Tollpatsch
ACHTUNG: VERSTÖRENDER INHALT
Bitte beachten Sie, dass es sich bei dem folgenden Text um eine Creepypasta handelt, die verstörende Themen beinhalten kann, wie zum Beispiel Gewalt, Sexualisierung, Drogenkonsum, etc. Creepypastas sind fiktive Geschichten, die oft dazu gedacht sind, Angst oder Unbehagen zu erzeugen. Wir empfehlen Ihnen, diesen Text nicht zu lesen, wenn Sie sich davon traumatisiert oder belästigt fühlen könnten.
Wieder einer dieser Morgen. Der Wecker reißt Hugo wie immer viel zu früh aus dem Schlaf. Im Halbdunkel tastet er nach dem Ausschalter, wobei seine Hand statt diesem jedoch die Nachttischlampe trifft und vom Tisch wirft.
Schließlich findet er den Schalter und steigt aus dem Bett, tritt dabei jedoch auf die Lampe, die unter seinem Gewicht zerbricht. Tausend kleine Scherben bohren sich in Hugos nackte Sohle. Er schreit auf und springt auf den anderen Fuß. Seine Freundin Biggi, die eben noch neben ihm geschlafen hat, richtet sich erschrocken auf. Hugo versichert ihr, dass alles in Ordnung sei und humpelt durch den Flur ins Bad, eine Spur aus Blut hinter sich lassend. Er durchsucht den Schrank über dem Waschbecken nach einer Pinzette, um die Scherben herauszuziehen, findet jedoch keine.
Weil er das oberste Fach nicht richtig sehen kann, stützt er sich auf das Waschbecken auf, erst nur mit einem Arm, dann mit dem ganzen Körper.
Seine Hand findet die Pinzette in dem Moment als das Waschbecken von der Wand abbricht. Im Fall versucht Hugo instinktiv noch sich am Schrank festzuhalten, welcher sich jedoch auch von der Wand löst, sodass erst Hugo zu Boden und dann der aufgrund reichlicher Füllung sehr schwere Schrank auf ihn stürzt.
…
Wieder einer dieser Morgen. Der Wecker reißt Hugo wie immer viel zu früh aus dem Schlaf. Im Halbdunkel findet er nach kurzem Tasten den Ausschalter.

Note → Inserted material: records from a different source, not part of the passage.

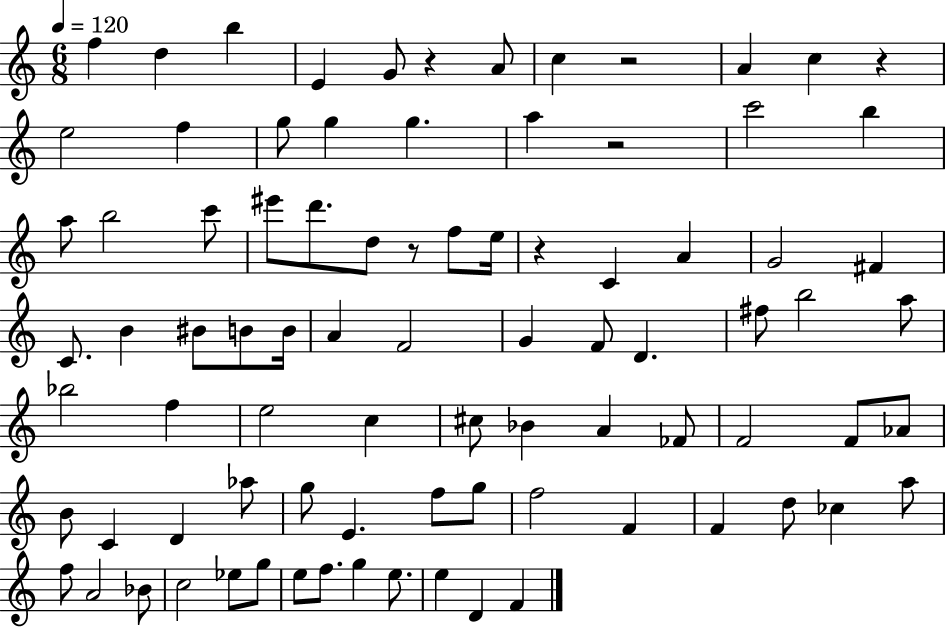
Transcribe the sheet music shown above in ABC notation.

X:1
T:Untitled
M:6/8
L:1/4
K:C
f d b E G/2 z A/2 c z2 A c z e2 f g/2 g g a z2 c'2 b a/2 b2 c'/2 ^e'/2 d'/2 d/2 z/2 f/2 e/4 z C A G2 ^F C/2 B ^B/2 B/2 B/4 A F2 G F/2 D ^f/2 b2 a/2 _b2 f e2 c ^c/2 _B A _F/2 F2 F/2 _A/2 B/2 C D _a/2 g/2 E f/2 g/2 f2 F F d/2 _c a/2 f/2 A2 _B/2 c2 _e/2 g/2 e/2 f/2 g e/2 e D F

Seine Freundin Biggi neben ihm schläft tief und fest.
Er schaltet das Licht an und sucht sich Hemd und Hose aus dem Schrank.

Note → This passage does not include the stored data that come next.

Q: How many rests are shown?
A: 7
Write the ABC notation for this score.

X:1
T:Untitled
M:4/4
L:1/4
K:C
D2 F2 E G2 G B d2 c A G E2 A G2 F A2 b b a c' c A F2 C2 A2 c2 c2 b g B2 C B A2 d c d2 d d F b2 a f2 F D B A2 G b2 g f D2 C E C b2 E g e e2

Wäre er doch auch „freischaffender Künstler“ so wie Biggi. Dann könnte er einfach tragen was er wollte. T-Shirt und Jogginghose. Oder seinen Schlafanzug. Oder einfach nichts.
Aber im Büro sähe man soetwas sicher ungern. Selbst am „Casual Friday“.

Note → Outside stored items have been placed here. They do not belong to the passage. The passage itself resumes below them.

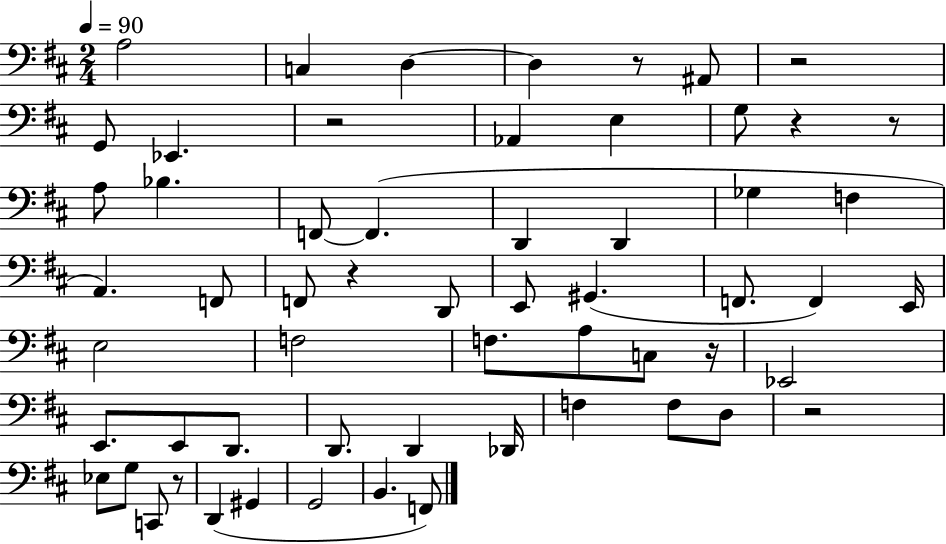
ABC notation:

X:1
T:Untitled
M:2/4
L:1/4
K:D
A,2 C, D, D, z/2 ^A,,/2 z2 G,,/2 _E,, z2 _A,, E, G,/2 z z/2 A,/2 _B, F,,/2 F,, D,, D,, _G, F, A,, F,,/2 F,,/2 z D,,/2 E,,/2 ^G,, F,,/2 F,, E,,/4 E,2 F,2 F,/2 A,/2 C,/2 z/4 _E,,2 E,,/2 E,,/2 D,,/2 D,,/2 D,, _D,,/4 F, F,/2 D,/2 z2 _E,/2 G,/2 C,,/2 z/2 D,, ^G,, G,,2 B,, F,,/2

Hugo kommt gerade aus der Dusche als es an der Tür klingelt. Er hofft, dass Biggi aufmacht, doch offenbar schläft sie tief und fest, denn es klingelt zwei weitere Male.
Genervt legt Hugo sich ein Handtuch, läuft zur Tür und öffnet sie, sieht aber niemanden. Er geht vor die Tür und sieht gerade, wie am Ende der Straße ein Paketlaster um die Kurve fährt, als ein Windstoß die Tür hinter ihm zuwirft. Als wäre es nicht genug, dass er jetzt ausgesperrt ist, da die Tür von außen nur einen Knauf besitzt, ist außerdem ein Zipfel seines Handtuchs in der Tür eingeklemmt.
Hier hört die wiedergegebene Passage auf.